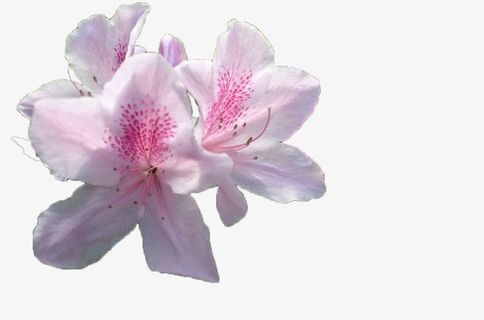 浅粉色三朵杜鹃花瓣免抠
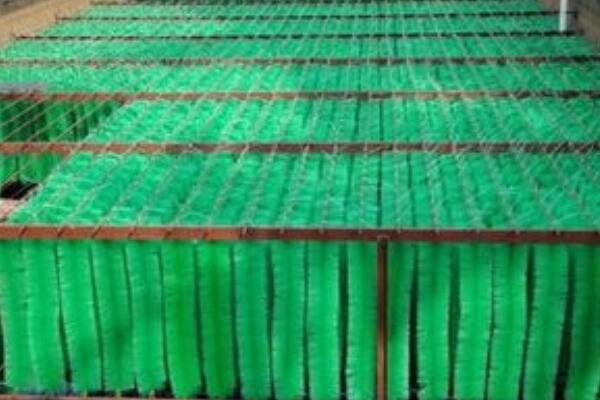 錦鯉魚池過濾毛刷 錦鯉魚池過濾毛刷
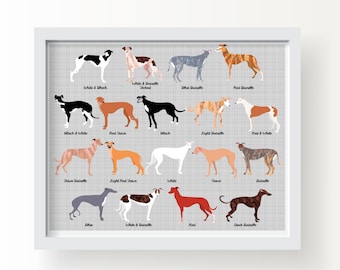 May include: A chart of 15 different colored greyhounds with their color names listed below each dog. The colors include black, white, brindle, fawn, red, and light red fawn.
--------------------
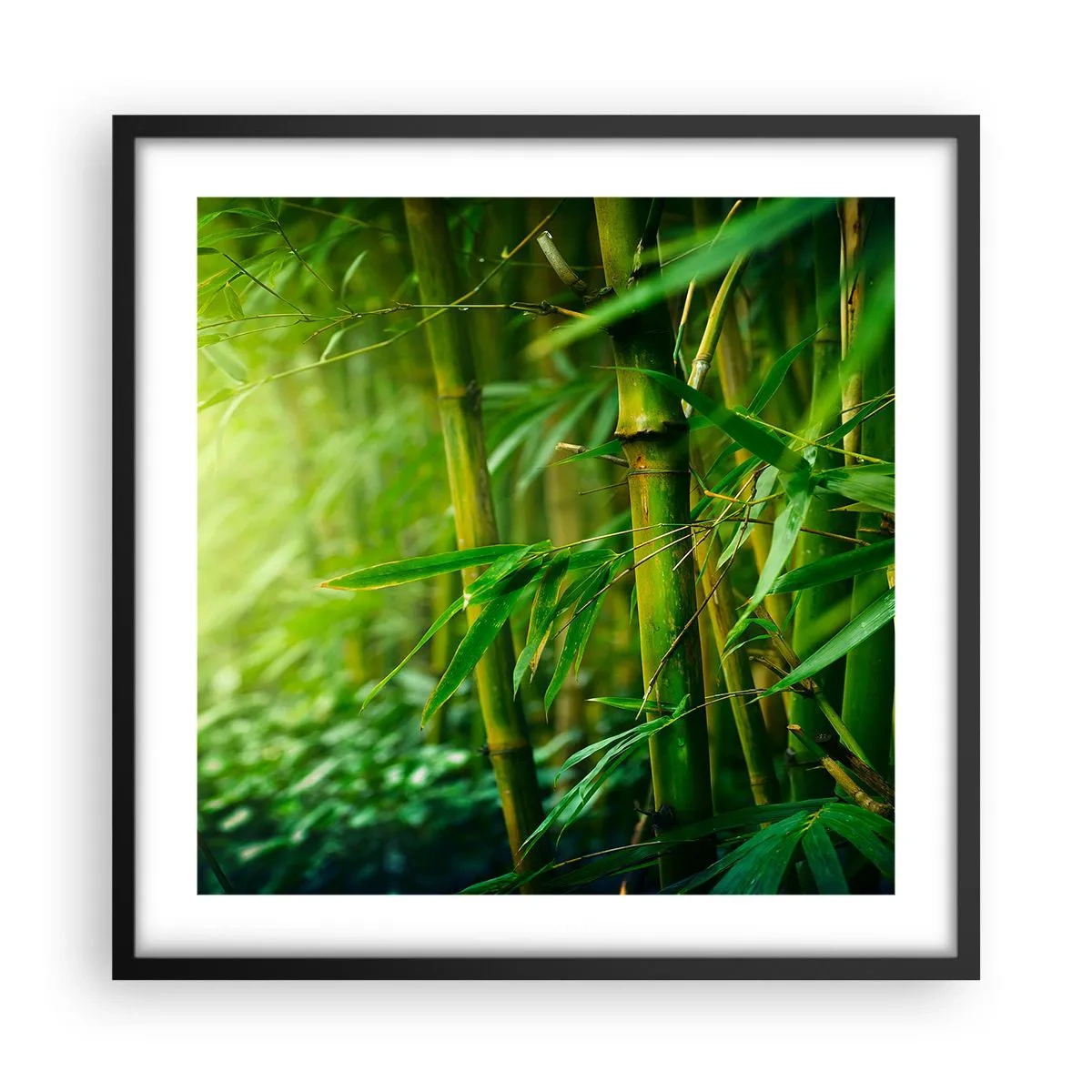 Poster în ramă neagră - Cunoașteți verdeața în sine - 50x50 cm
--------------------
PROBLEM DESCRIPTION - The lines to set down run from the line with "浅粉色三朵杜鹃花瓣免抠" up to and including the line with "May include: A" in the entries above. Reproduce them exactly, with no pictures.

EXERCISE RESPONSE -
 浅粉色三朵杜鹃花瓣免抠
 錦鯉魚池過濾毛刷 錦鯉魚池過濾毛刷
 May include: A chart of 15 different colored greyhounds with their color names listed below each dog. The colors include black, white, brindle, fawn, red, and light red fawn.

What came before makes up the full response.